### WHAT THE TASK REQUIRES
Please make an exact copy of the lines from the one holding "Cam4 Sex Chat of Julioassis" through the end of the data, both ends included, with no pictures.

══════

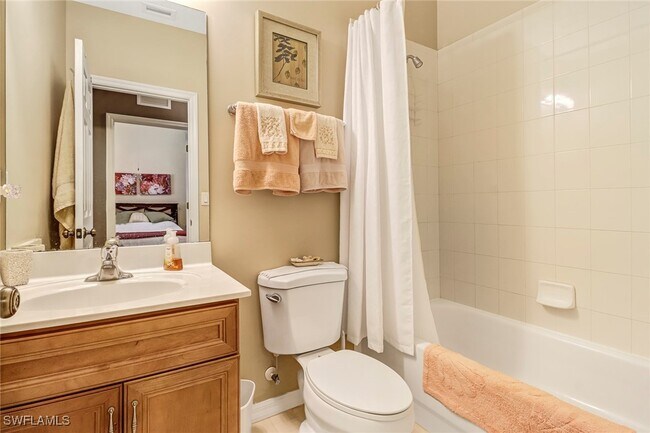 property at 9810 Healthpark Cir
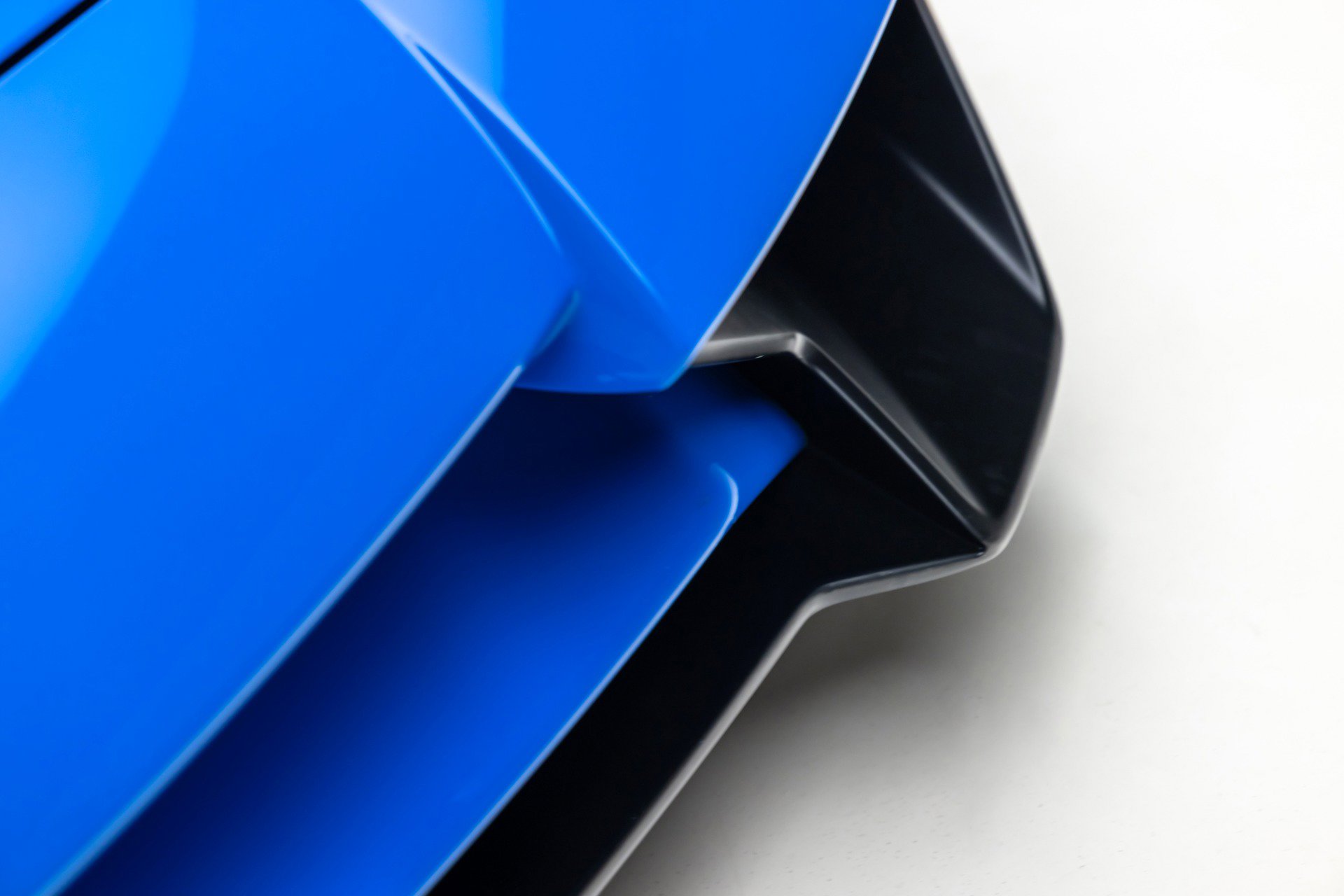 Used 2017 Lamborghini Aventador LP 750-4 Superveloce image 16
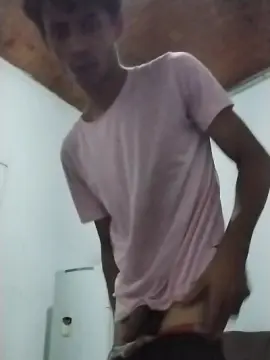 Cam4 Sex Chat of Julioassis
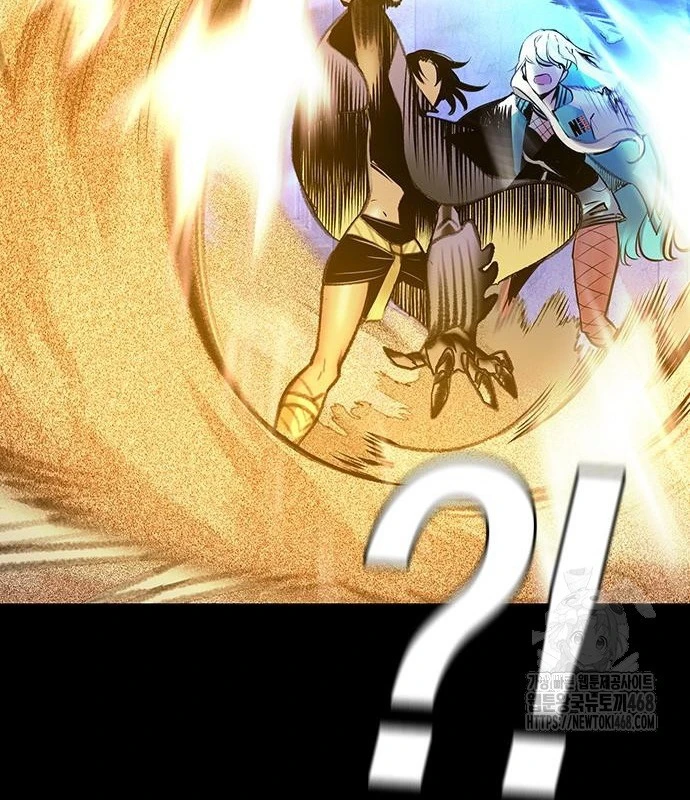 Nhân Trùng Đại Chiến Chapter 156 - 185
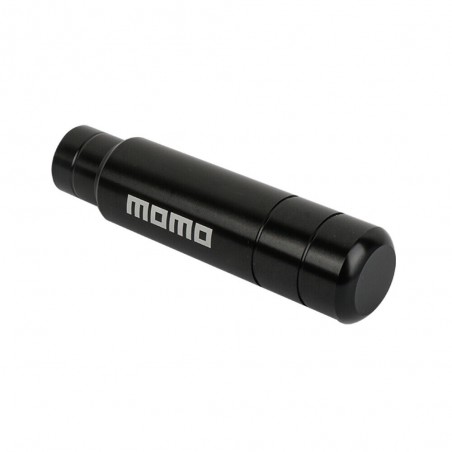 Momo Shadow Shift Knob main image 1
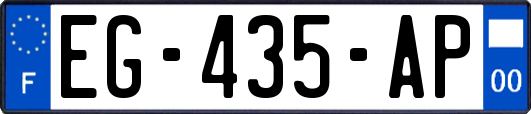 EG-435-AP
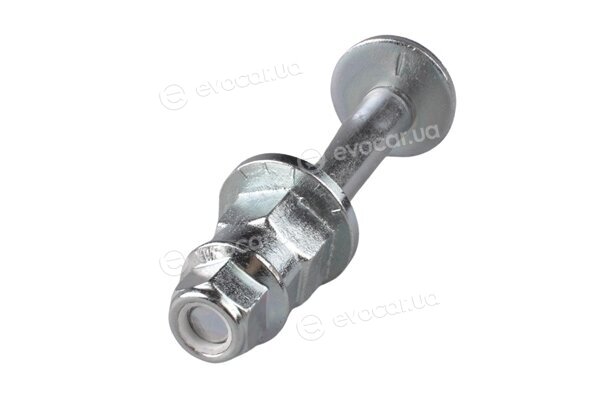 Tedgum TED30413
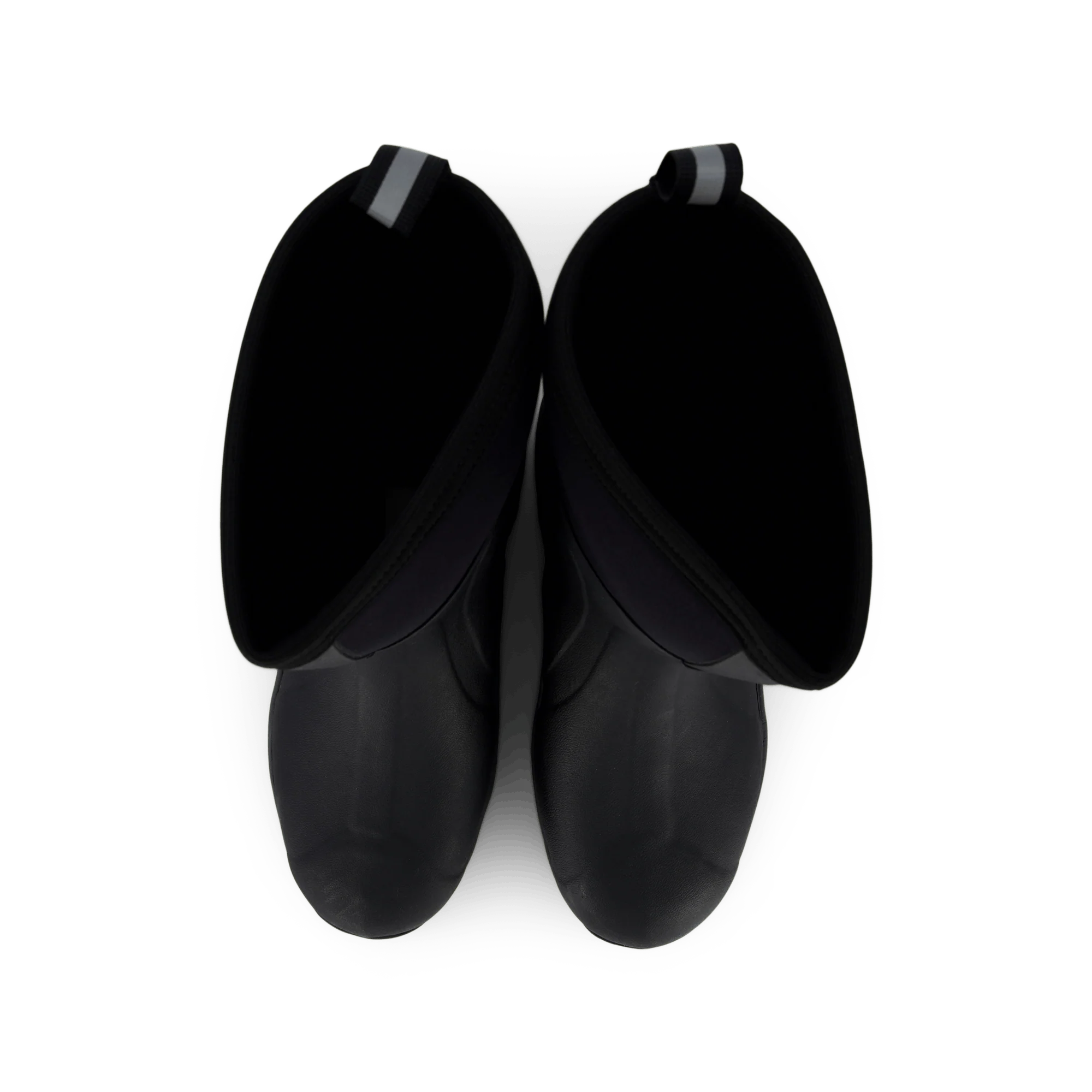 Arctic Sport Mid Black - Image 6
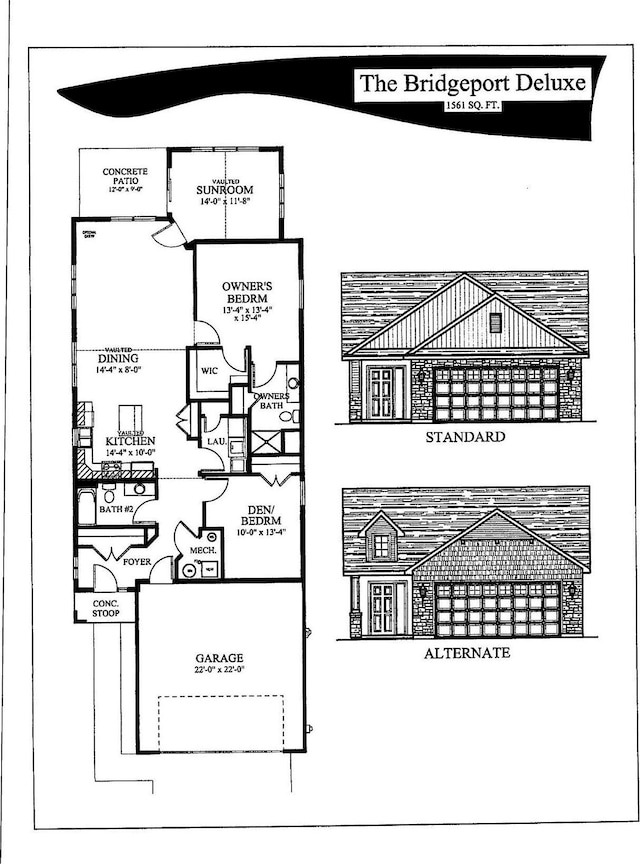 11163 184th Cir NW, Elk River, MN 55330 - plan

══════

### YOUR SOLUTION
 Cam4 Sex Chat of Julioassis
 Nhân Trùng Đại Chiến Chapter 156 - 185
 Momo Shadow Shift Knob main image 1
 EG-435-AP
 Tedgum TED30413
 Arctic Sport Mid Black - Image 6
 11163 184th Cir NW, Elk River, MN 55330 - plan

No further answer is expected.